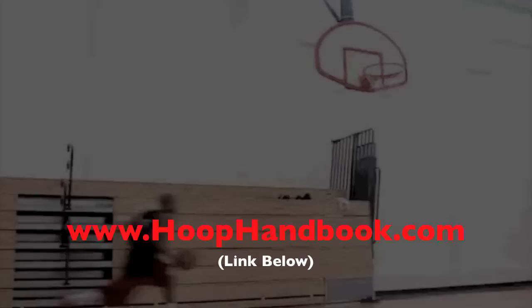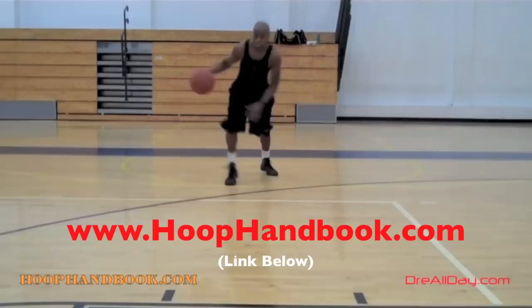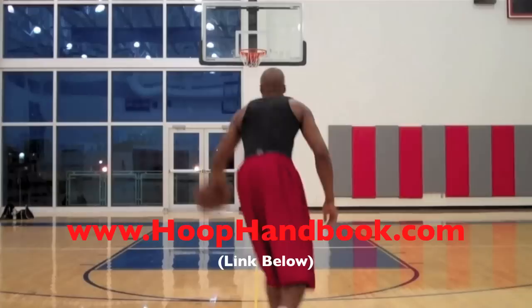The Hoop Handbook is a series of workout programs straight from my own personal experience working out and training on every aspect of basketball: ball handling, shooting, scoring moves, scoring over bigger defenders, the crossover, post moves, your weekend, off the court training, dunking, vertical — all of it's covered.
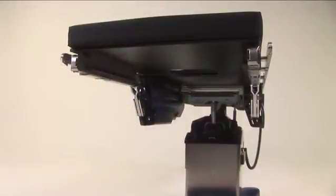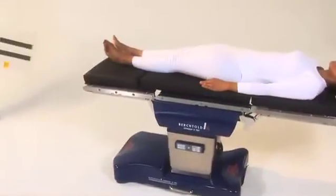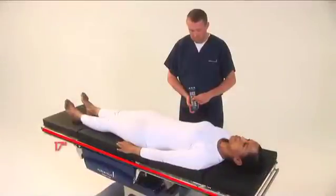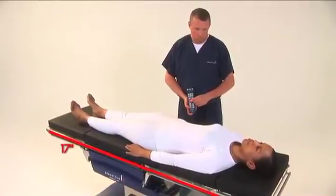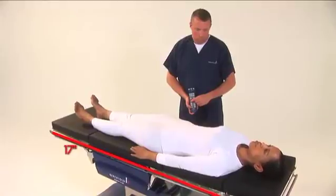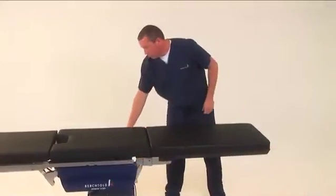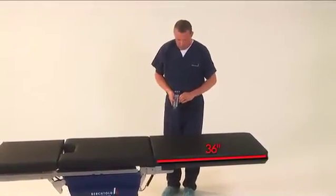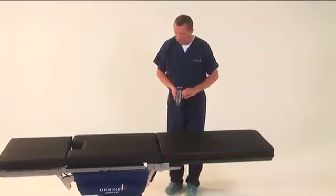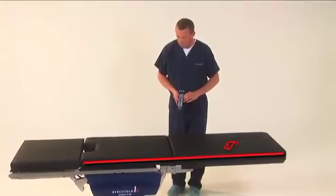The integrated x-ray cassette tunnel is 18.3 inches wide, which eliminates the need for separate x-ray tops, and nearly 17 inches of motorized longitudinal slide minimizes the requirement to reverse the patient for imaging access. With maximum longitudinal displacement toward the head and a 36-inch carbon fiber extension unit attached, the imaging area is equal to 47 inches for optimum access of the C-arm.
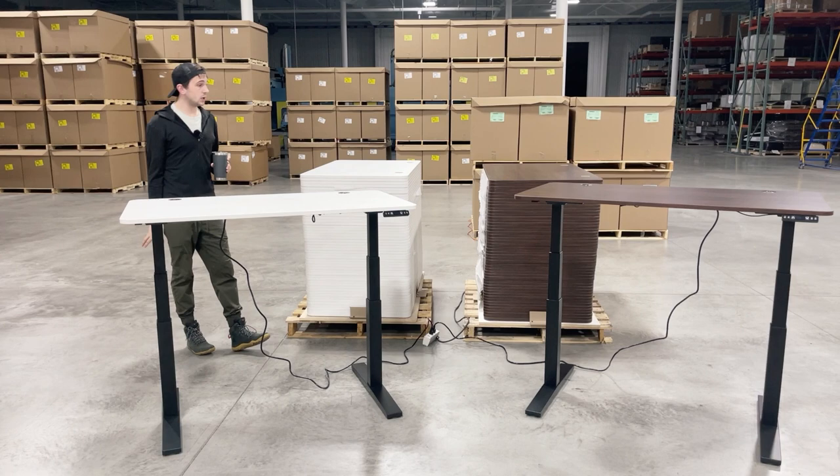We've got 50 of each, so we're just putting it out there. Buy Grand Haven, buy Grand Rapids, get this base for 100 bucks. Easy peasy, lemon squeezy. I'll see you guys.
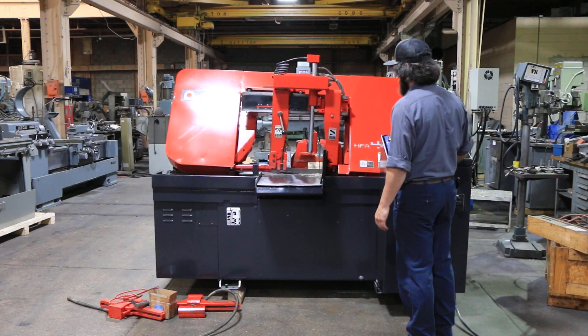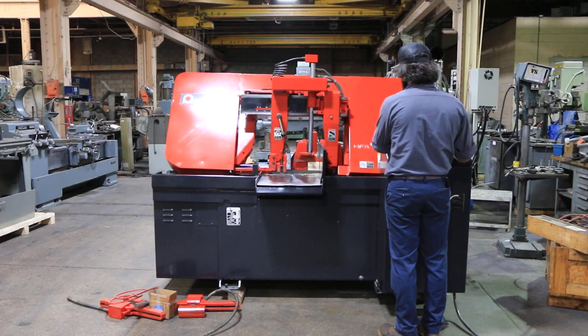Variable head feed — goes down, and he's going to bring it up.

▶ EXERCISE REQUIREMENTS:
As you output the material, omit the pictures but alter nothing else.

▶ EXPECTED ANSWER:
The Hoop Handbook is a series of workout programs straight from my own personal experience working out and training on every aspect of basketball: ball handling, shooting, scoring moves, scoring over bigger defenders, the crossover, post moves, your weekend, off the court training, dunking, vertical — all of it's covered.
The integrated x-ray cassette tunnel is 18.3 inches wide, which eliminates the need for separate x-ray tops, and nearly 17 inches of motorized longitudinal slide minimizes the requirement to reverse the patient for imaging access. With maximum longitudinal displacement toward the head and a 36-inch carbon fiber extension unit attached, the imaging area is equal to 47 inches for optimum access of the C-arm.
We've got 50 of each, so we're just putting it out there. Buy Grand Haven, buy Grand Rapids, get this base for 100 bucks. Easy peasy, lemon squeezy. I'll see you guys.
Variable head feed — goes down, and he's going to bring it up.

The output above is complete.